Stabbing attacks in UK and Holland leave questions about motive

A second incident in Holland in the city of Leeuwarden involved an alleged “assassination attempt” against a Kurdish Iranian activist.

Scene of reported multiple stabbings in Reading (photo credit: REUTERS)
Scene of reported multiple stabbings in Reading
(photo credit: REUTERS)
A stabbing in the UK was described as “terror-related” after three were killed Saturday. By Sunday afternoon the perpetrator was named as Khairi Saadallah, a security threat reportedly known to MI5, the security services. He has been arrested on suspicion of murder. BBC says the man is 25 years old. It began around seven in the evening at Forbury Gardens.

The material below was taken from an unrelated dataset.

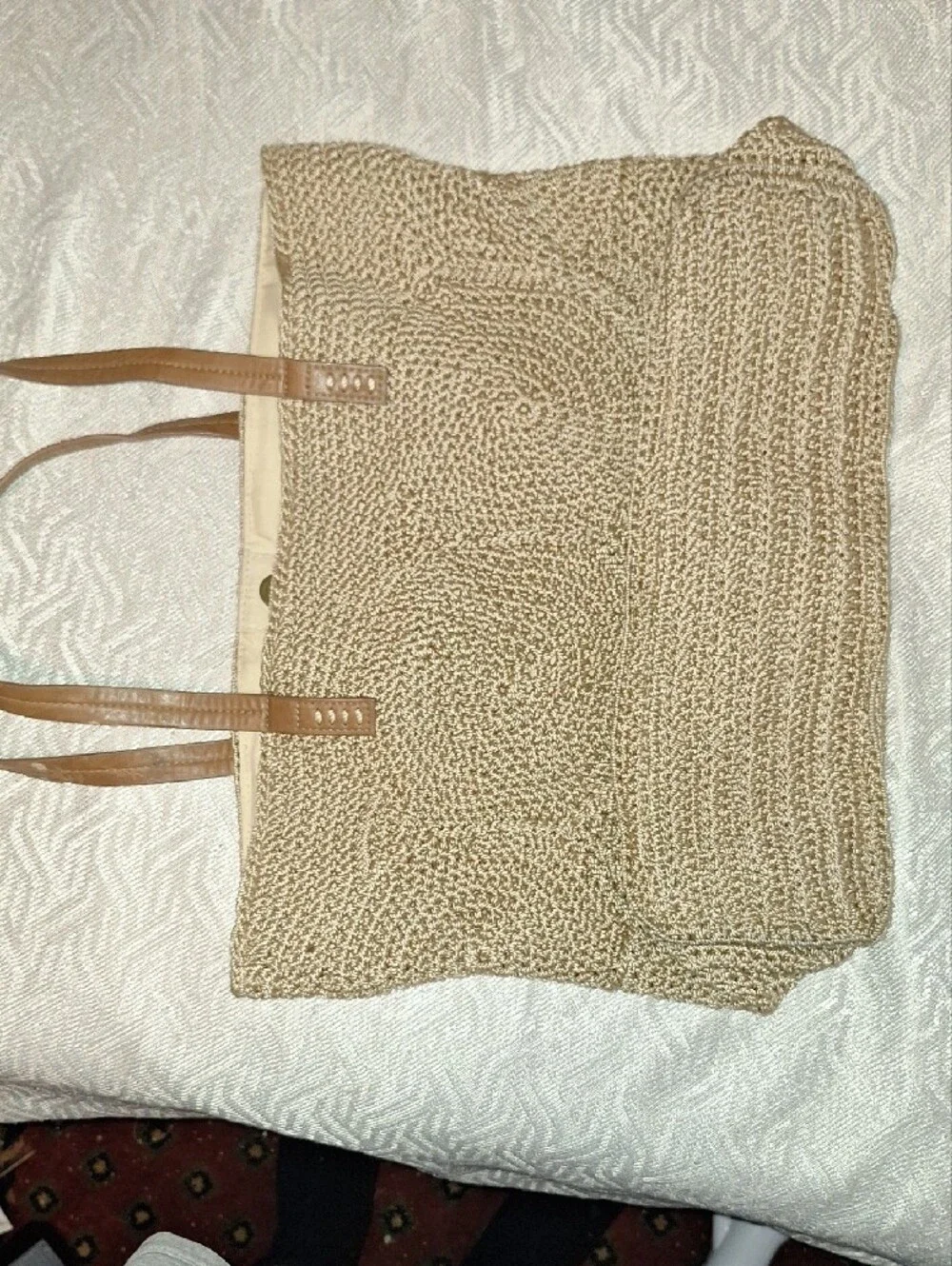 SONOMA Natural Woven Tote with Brown Handles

“Police are not currently treating the incident as terror-related but counter terrorism officers were called,” the BBC noted earlier. The report also said the “man arrested at the scene is thought to be Libyan.” Anadolu media in Turkey quoted Sky News as claiming the incident was “terror-related,” leading to confusion in media throughout the Middle East, which initially described the incident as a potential terror attack.

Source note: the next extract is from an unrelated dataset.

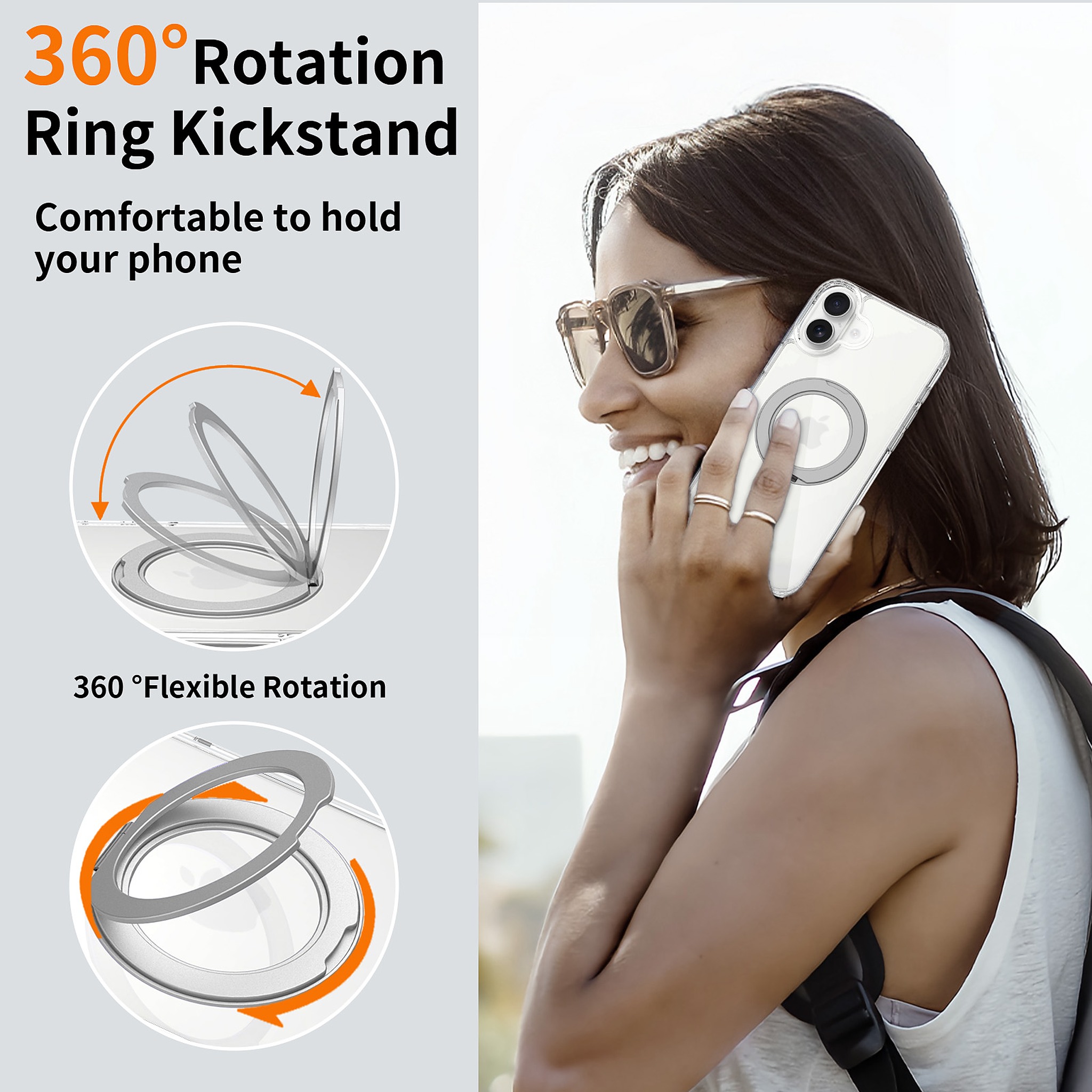 SendaFit Clear 360° Stand Case for iPhone 16 Plus detail 26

A second incident in Holland in the city of Leeuwarden involved an alleged “assassination attempt” against a Kurdish Iranian activist. He was seriously injured in the Friday attack. His name was given as Sadegh Zarza and being a member of the Democratic Party of Iranian Kurdistan. Stabbed up to 15 times by an Iranian suspect, he has survived. Iran has carried out numerous assassinations in the past in Europe against dissidents.

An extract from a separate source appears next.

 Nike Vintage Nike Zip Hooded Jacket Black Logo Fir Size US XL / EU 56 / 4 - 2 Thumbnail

Zarza is the nephew of Abdulrahman Ghassemlou, another prominent Iranian Kurdish leader who was murdered in 1989 in Vienna by Iranian regime assassins. Wladimir Van Wilgenburg wrote about the incident at Kurdistan 24. He notes that Zarza came to the train station to meet a man that had asked for financial assistance. The man, waiting with an unsuspecting bouquet of flowers, stabbed him immediately. The assassin apparently “surrendered himself” without a struggle to police when they arrived, hinting that he was a professional, not a crazed man.
The Kurdstan24 report notes that this is one of several recent attacks in the Netherlands by alleged Iranian agents. They hunted down an Ahwazi dissident in 2017 and a member of another group in 2015. This illustrates how Iran’s regime may operate throughout Europe seeking to silence opposition leaders.
The two stabbing attacks, one initially thought to be terror and the other an apparent assassination, show that knives can be an increasingly deadly form of attack. They also reveal that in general, the number of terror attacks has diminished across the European Union from the previous spike in 2015.